« L'oubli ne passera pas par là » 

La Grande salle de l'Odéon était bondée en ce lundi 19 octobre à l'occasion de la soirée consacrée à François Maspero, décédé le 11 avril dernier à Paris, durant laquelle tous ses proches et amis avaient répondu présents.

François Maspero, dont on découvre une photographie très peu connue projetée sur le fond de la scène. Il ne serait pas utile de restituer ici la biographie de cette figure majeure du XXème siècle. Cette soirée fut davantage l'occasion de découvrir, à travers différents témoignages, une multitude de petits détails sur sa vie et ses combats.

Maspero libraire : « en attrapant un livre, on a déjà l'impression de s'approprier le contenu »

La librairie qu'il ouvre rue Monsieur le Prince à Paris devient rapidement un lieu de rencontre et de passage pour les intellectuels de l'époque. Affirmant qu'écrire était déjà un voyage, François Maspero a toujours essayé de conserver un certain étonnement face aux choses.

Maspero, éditeur « un véritable phénomène d'édition »

En 1959, François Maspero lance sa maison d'édition, et devient un libraire-éditeur incontournable du quartier latin. Considéré comme un des éditeurs les plus créatifs de son époque, il se revendiquait comme un homme de métier plutôt que de profession, et n'entrera d'ailleurs jamais au Syndicat National de l'Edition. Son objectif principal était d'éditer des ouvrages qu'il jugeait « utiles ». Avec 1350 livres parus en 23 ans, il fut un éditeur extrêmement prolifique, malgré les nombreux obstacles qu'il dût surmonter (procès, emprisonnement, retrait des droits civiques, répression, etc.). Editeur, il le fut aussi pour plusieurs revues, telles que l'Alternative avec Jean-Yves Potel. Il n'hésite pas à publier des textes de dissidents politiques, et notamment ceux qui combattent pour la démocratie en Europe de l'Est. Le bilan de cette revue reste assez mitigé, car si des textes fondamentaux ont été publiés, sa réussite est jugée partielle par les auteurs eux-mêmes.
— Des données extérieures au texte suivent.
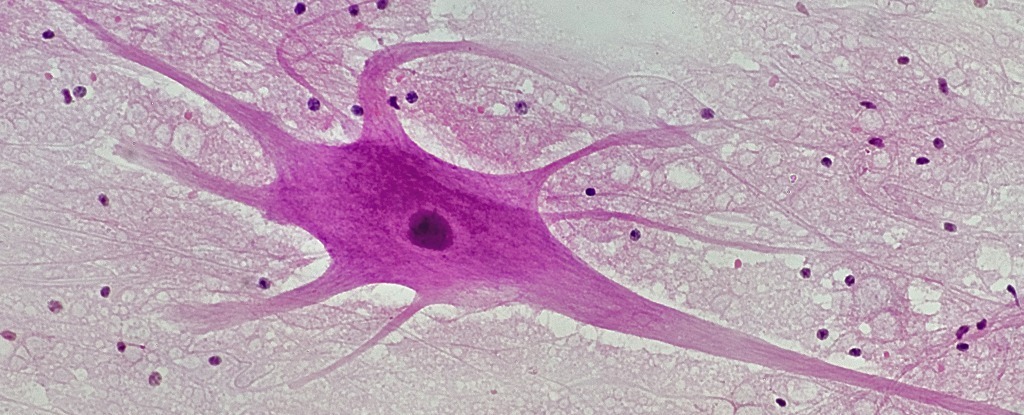 New Check Detects Parkinson’S 7 Years Ahead Of Maximum Signs Display : Sciencealert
A propos de son travail d'éditeur, Régis Debray qualifie François Maspero de « réunion de tous les métiers du livre en un seul homme ».

Maspero, militant « la France a une dette envers François Maspero »

Plongé au cœur du contexte morne des années 1960, François Maspero fut un véritable militant, qui a puisé toute son inspiration hors des frontières de la « petite France » de René Char. Parmi ses voyages les plus importants, on compte la Chine, les Balkans, mais aussi Cuba, ville fantomatique qu'il compare à Bucarest au moment de la chute de Ceausescu. A l'occasion de cette soirée d'hommage, Régis Debray a pris la parole, et a qualifié son ami « d'homme inaugural et homme charnière de notre époque, qui a fait le lien entre le passé et l'avenir. ». Lorsque Régis fut par deux fois incarcéré en Amérique du Sud, François Maspero fit le voyage jusqu'à La Paz pour lui apporter son soutien.

En éditant l'ouvrage Histoire de la Palestine, François Maspero a montré son attachement à la cause palestinienne. Il fût rejoint dans ce combat par Jérôme Lindon, ancien directeur des éditions de Minuit, avec la publication de la Revue d'études palestiniennes.

François Maspero, écrivain

Auteur de douze livres entre 1984 et 2015, François Maspero fut avant tout un grand traducteur, notamment de l'anglais, de l'espagnol et de l'italien. Son premier livre paru alors qu'il avait déjà atteint l'âge de cinquante ans. Parmi ses ouvrages les plus marquants, on peut citer Le sourire du chat (Seuil, 1984), déclaration d'amour à son frère, dans lequel il reprend l'histoire familiale et son engagement dans la résistance. Durant toute sa vie, il y eut une interpénétration de son travail de traducteur et d'écrivain.

Au cours de cette soirée émouvante et riche d'enseignements, nous avons eu le plaisir de visionner un extrait du film Les chemins de la liberté, sorti en 2014 et réalisé par Yves Campagna, Bruno Guichard, Jean-François Raynaud, dans lequel François Maspero nous décrit sa vision de la résistance et du combat pour la liberté de parole. Il affirme que la poésie doit avoir un rôle de veille, et reprend l'expression d'Antoine de Saint-Exupéry « Nous ne devons pas être des sentinelles endormies », citation qui résonne aujourd'hui encore comme un avertissement pour les générations futures.